▸ Required action: Could you repeat the data word for word while skipping the pictures?

- Opening Delimiter -

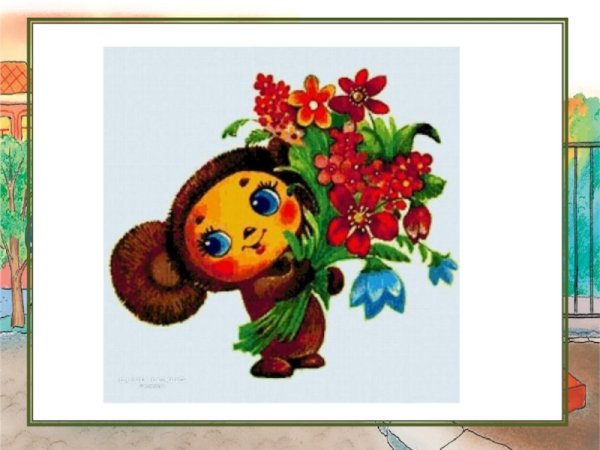 Чебурашка с цветами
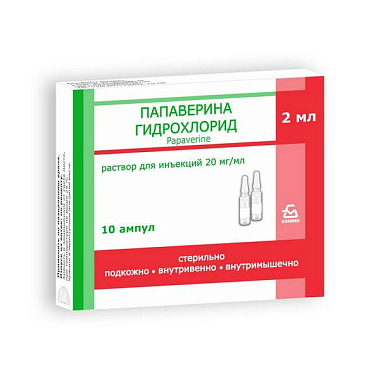 Купить Папаверин 2 % ампулы 2 мл 10 шт раствор для инъекций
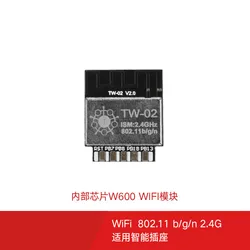 Wireless WiFi Module TW-02 Compatible with ESP8266 TYWE2S Support Serial Transparent Transmission W600 RTT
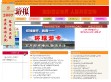 环球旅游网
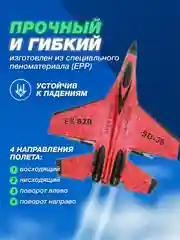 Красный самолет на радиоуправлении, истребитель на пульте управления, игрушка для мальчика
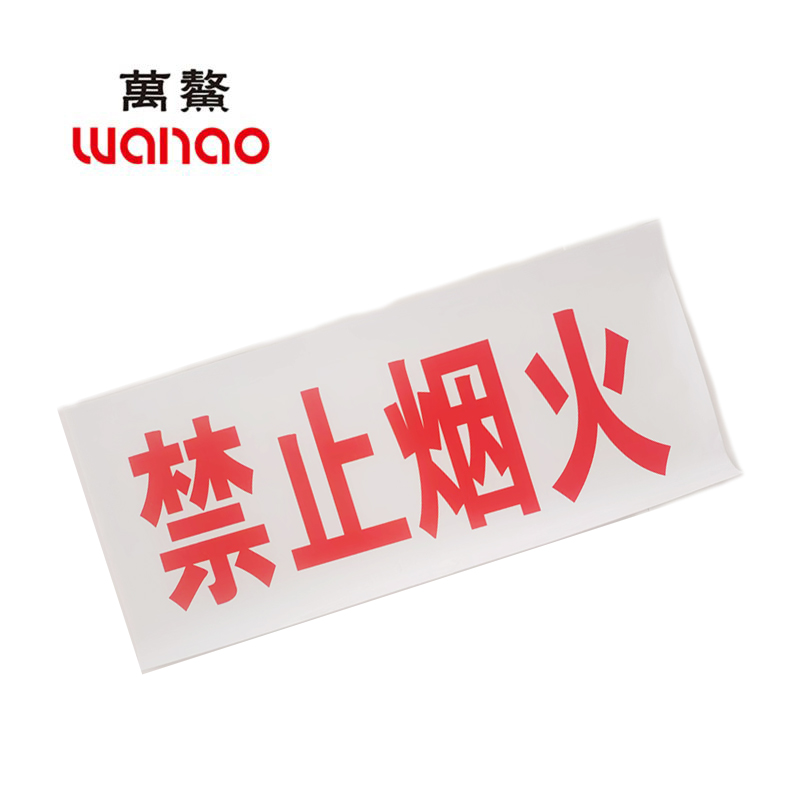 万鳌 禁止烟火 980*400mm 张高清大图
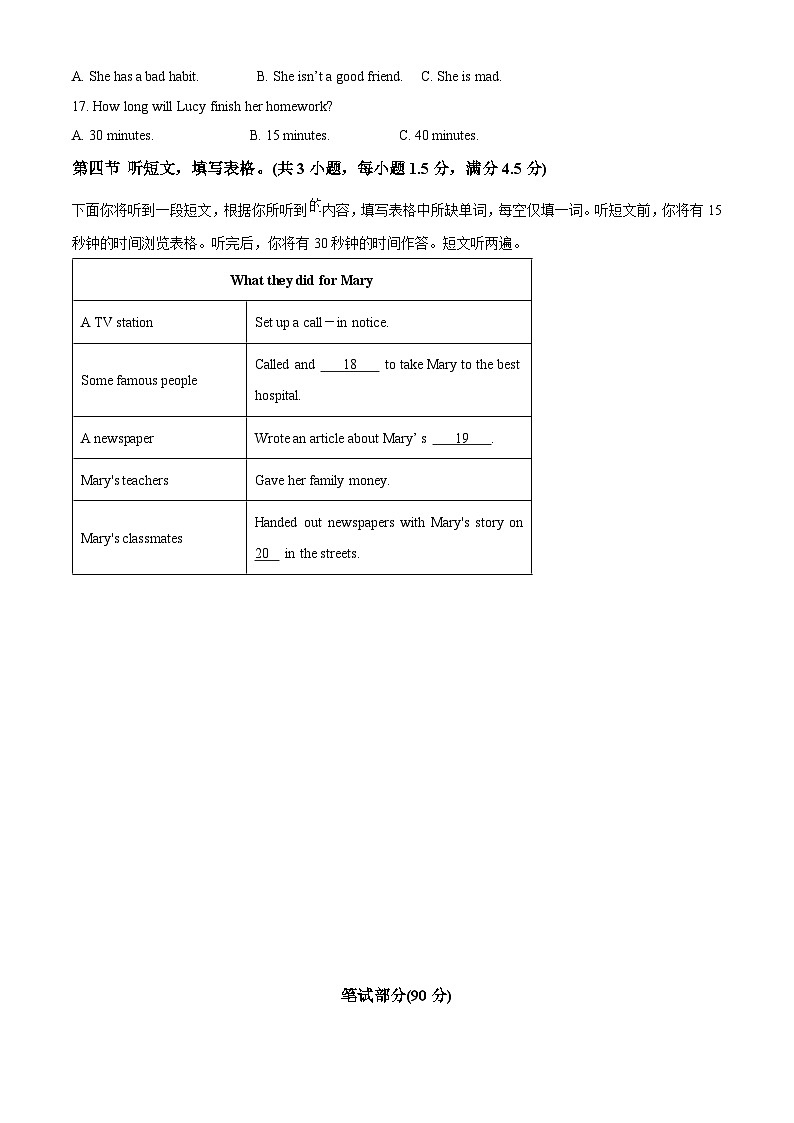 湖北省十堰市丹江口市2023-2024学年八年级下学期期中教学质量监测英语试题（原卷版）第3页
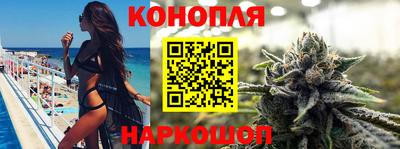 прущая мука Кингисепп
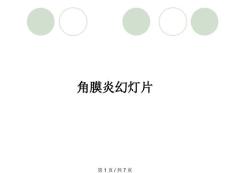 角膜炎幻灯片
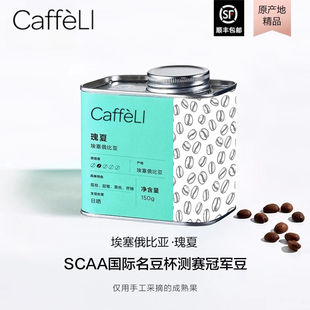 CAFFELI 埃塞俄比亚进口瑰夏竞标咖啡豆手冲新鲜浅中烘焙原装进口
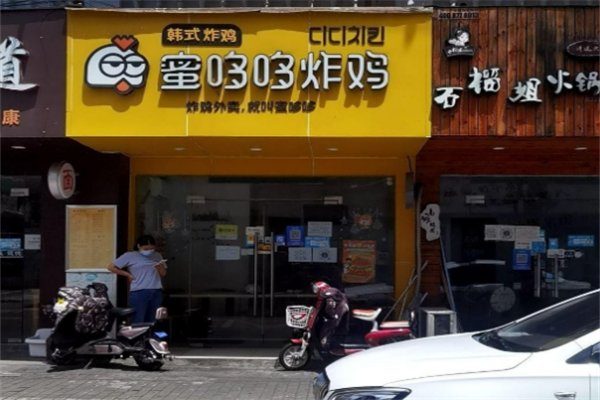 蜜哆哆韩国炸鸡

- Closing Delimiter -

▸ Answer to the problem:
 Чебурашка с цветами
 Купить Папаверин 2 % ампулы 2 мл 10 шт раствор для инъекций
 Wireless WiFi Module TW-02 Compatible with ESP8266 TYWE2S Support Serial Transparent Transmission W600 RTT
 环球旅游网
 Красный самолет на радиоуправлении, истребитель на пульте управления, игрушка для мальчика
 万鳌 禁止烟火 980*400mm 张高清大图
 湖北省十堰市丹江口市2023-2024学年八年级下学期期中教学质量监测英语试题（原卷版）第3页
 прущая мука Кингисепп
 角膜炎幻灯片
 CAFFELI 埃塞俄比亚进口瑰夏竞标咖啡豆手冲新鲜浅中烘焙原装进口
 蜜哆哆韩国炸鸡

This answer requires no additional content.